#### Exercise directions:
Verbatim copy without images: repeat the records in full.

═══ Data for this task ═══

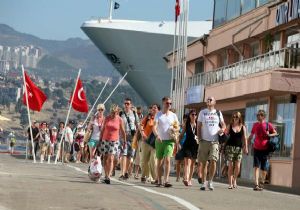 Siyasi belirsizlik turizmi de vurdu!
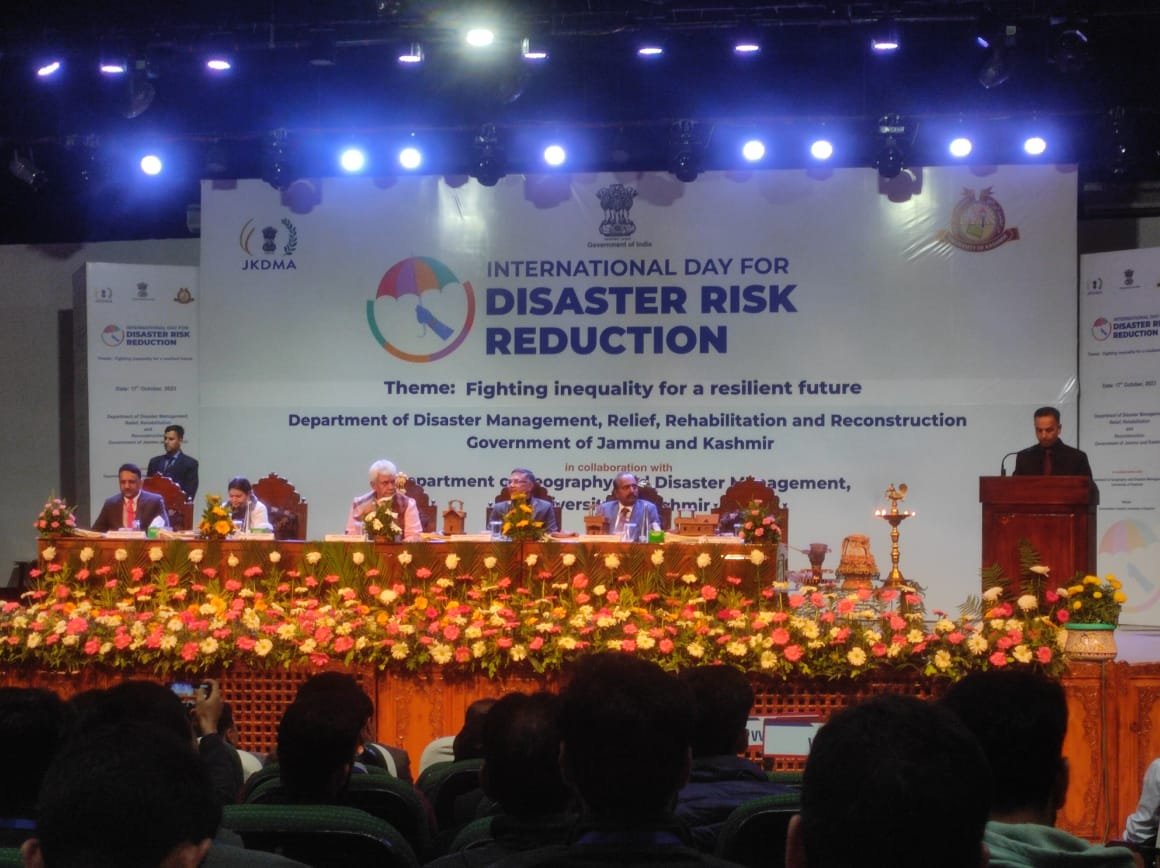 Department of Disaster Management Relief Rehabilitation, and Reconstruction, Govt of J&K in Collaboration with the Department of Geography and Disaster Management,  University of Kashmir organised a seminar to observe the (1/2) 
#DRRDay
#KnowYourNDMA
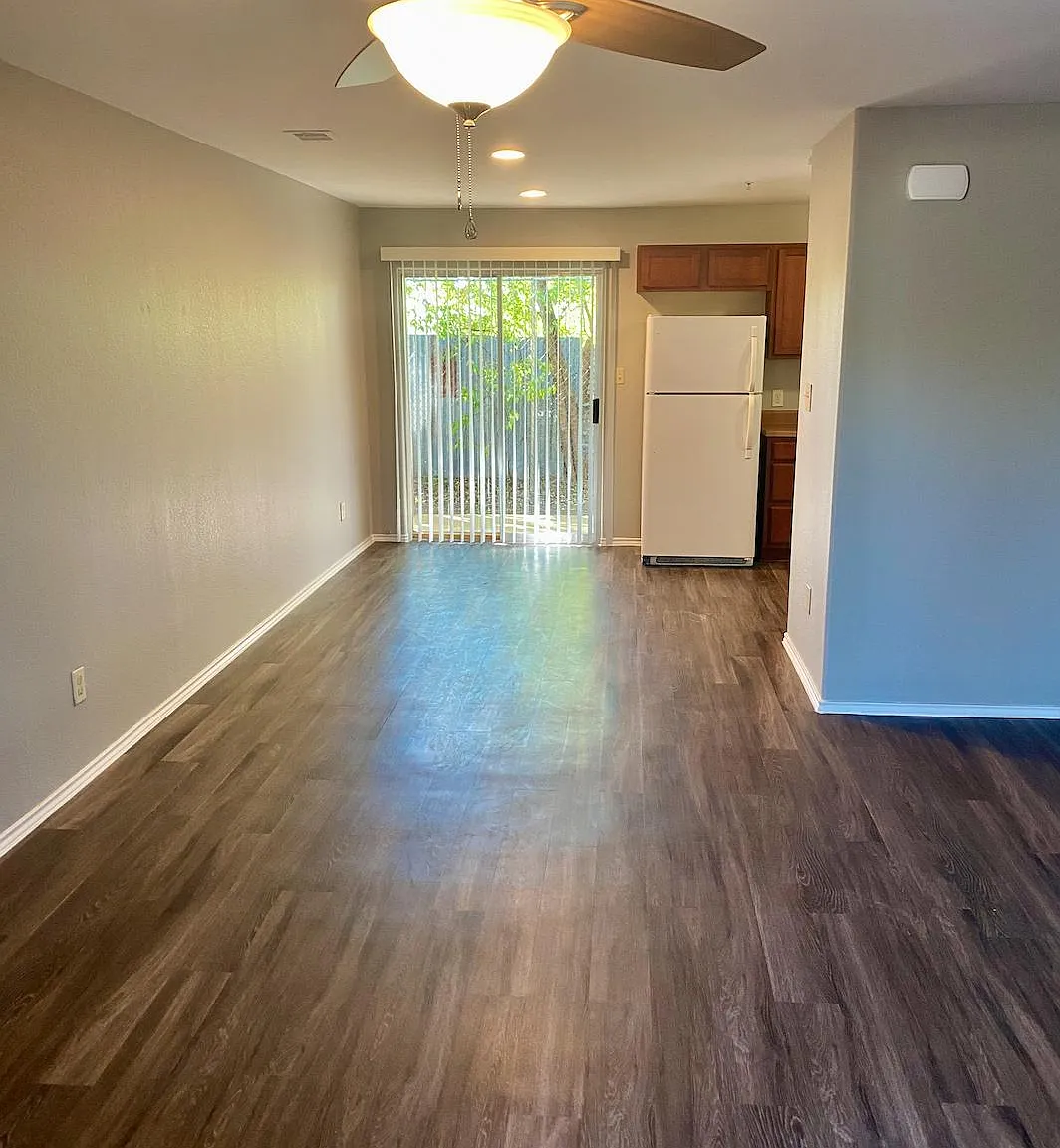 3 bed, 1075 sqft, $1,350 — Photo 4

═══

#### Solution to the problem:
 Siyasi belirsizlik turizmi de vurdu!
 Department of Disaster Management Relief Rehabilitation, and Reconstruction, Govt of J&K in Collaboration with the Department of Geography and Disaster Management,  University of Kashmir organised a seminar to observe the (1/2) 
#DRRDay
#KnowYourNDMA
 3 bed, 1075 sqft, $1,350 — Photo 4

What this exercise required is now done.